Laut Cineworld zwang eine „wesentliche nachteilige Geschäftsveränderung“ das Unternehmen, sich aus dem Geschäft zurückzuziehen. Cineplex hob jedoch am Freitag hervor, dass eine „wesentliche nachteilige Geschäftsveränderung“ gemäß der Vereinbarung ausdrücklich keine höhere Gewalt einschließlich des Ausbruchs von Krankheiten umfasst.

Die Kinoketten wurden in den letzten Monaten durch die Coronavirus-Pandemie, die bisher weltweit mehr als 7,7 Millionen Menschen infiziert und über 425.000 Todesfälle verursacht hat, massiv beeinträchtigt. Da der Ausbruch die Menschen zwang, zu Hause zu bleiben, und die Verbraucher auf Streaming-Dienste zurückgriffen, mussten die Kinobetreiber im Jahr 2020 mit neuen finanziellen Schwierigkeiten rechnen.

Beide Unternehmen wollen Klage auf Schadenersatz einreichen

Cineplex betonte in seiner Erklärung auch, dass die britische Firma keine rechtliche Grundlage für eine Aussetzung des Abkommens habe und dass sie einen Rechtsstreit gegen Cineworld führen werde. Beide Firmen drückten ihr Vertrauen in ihr Recht auf Schadenersatz aus und kündigten Pläne an, eine Klage gegen die Gegenpartei einzureichen.

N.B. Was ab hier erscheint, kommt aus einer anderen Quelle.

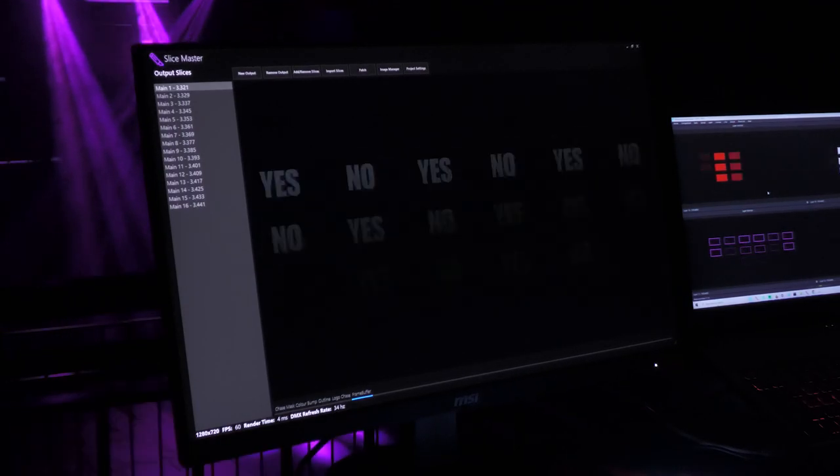This leads us swiftly onto frame buffers. This output is similar to colour bumps but allows you to load an image into SliceMaster to use instead of a solid colour. Simply load your images into one of the 64 slots and instantly trigger it from your lighting console.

Cineplex verzeichnete am Freitag einen Rückgang von etwa 5%. Das Unternehmen mit Hauptsitz in Toronto liegt mit 8,11 £ pro Aktie etwa 60% unter dem bisherigen Jahreskurs an der Börse, nachdem es sich von einem Tiefstand von 5,19 £ pro Aktie im März erholt hatte.

Cineworld hat eine Marktkapitalisierung, die fast doppelt so groß ist im Vergleich zu seinem kanadischen Rivalen.